> EXERCISE AIM
Please keep to the lines below from the one with "#️⃣🔥爆款新品🔥高品质新中式牛仔连体裤 RM102 Only🌸" through the one with "Pack of 3 Zebra Z-Grip Mechanical Pencils", and restate them word for word, ends included.

> RECORDS SHOWN
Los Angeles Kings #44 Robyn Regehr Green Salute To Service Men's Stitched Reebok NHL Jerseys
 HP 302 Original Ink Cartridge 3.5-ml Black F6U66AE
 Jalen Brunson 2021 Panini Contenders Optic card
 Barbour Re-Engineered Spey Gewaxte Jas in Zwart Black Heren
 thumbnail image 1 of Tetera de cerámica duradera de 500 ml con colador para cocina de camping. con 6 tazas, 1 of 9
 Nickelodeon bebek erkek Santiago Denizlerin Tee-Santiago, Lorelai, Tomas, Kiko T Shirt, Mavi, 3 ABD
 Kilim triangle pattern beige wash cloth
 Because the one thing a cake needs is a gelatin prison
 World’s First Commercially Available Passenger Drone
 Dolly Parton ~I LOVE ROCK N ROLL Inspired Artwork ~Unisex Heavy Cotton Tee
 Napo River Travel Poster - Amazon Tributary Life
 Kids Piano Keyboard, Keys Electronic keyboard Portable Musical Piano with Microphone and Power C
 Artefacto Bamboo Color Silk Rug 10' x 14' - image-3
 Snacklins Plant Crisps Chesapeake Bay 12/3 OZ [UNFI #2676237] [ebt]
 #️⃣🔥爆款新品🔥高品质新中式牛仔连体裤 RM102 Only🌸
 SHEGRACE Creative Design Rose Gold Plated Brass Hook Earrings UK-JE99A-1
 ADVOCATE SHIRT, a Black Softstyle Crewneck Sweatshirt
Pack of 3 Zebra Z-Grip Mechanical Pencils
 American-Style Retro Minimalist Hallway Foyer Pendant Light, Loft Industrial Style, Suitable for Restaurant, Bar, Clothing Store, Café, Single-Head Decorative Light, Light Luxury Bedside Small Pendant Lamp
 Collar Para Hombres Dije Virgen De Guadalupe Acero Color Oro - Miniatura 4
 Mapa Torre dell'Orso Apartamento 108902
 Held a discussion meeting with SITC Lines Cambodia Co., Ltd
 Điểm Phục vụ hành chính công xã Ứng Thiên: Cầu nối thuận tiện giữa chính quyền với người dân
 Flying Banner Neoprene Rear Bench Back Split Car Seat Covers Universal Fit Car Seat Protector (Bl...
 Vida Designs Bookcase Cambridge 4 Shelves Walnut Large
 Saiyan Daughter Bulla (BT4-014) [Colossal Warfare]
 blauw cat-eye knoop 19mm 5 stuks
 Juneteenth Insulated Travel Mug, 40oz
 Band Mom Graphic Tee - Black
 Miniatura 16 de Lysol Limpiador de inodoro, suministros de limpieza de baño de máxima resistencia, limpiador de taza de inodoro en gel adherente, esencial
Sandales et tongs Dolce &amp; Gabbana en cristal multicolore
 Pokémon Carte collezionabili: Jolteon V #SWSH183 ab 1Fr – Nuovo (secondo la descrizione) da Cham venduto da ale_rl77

> WORKED SOLUTION
 #️⃣🔥爆款新品🔥高品质新中式牛仔连体裤 RM102 Only🌸
 SHEGRACE Creative Design Rose Gold Plated Brass Hook Earrings UK-JE99A-1
 ADVOCATE SHIRT, a Black Softstyle Crewneck Sweatshirt
Pack of 3 Zebra Z-Grip Mechanical Pencils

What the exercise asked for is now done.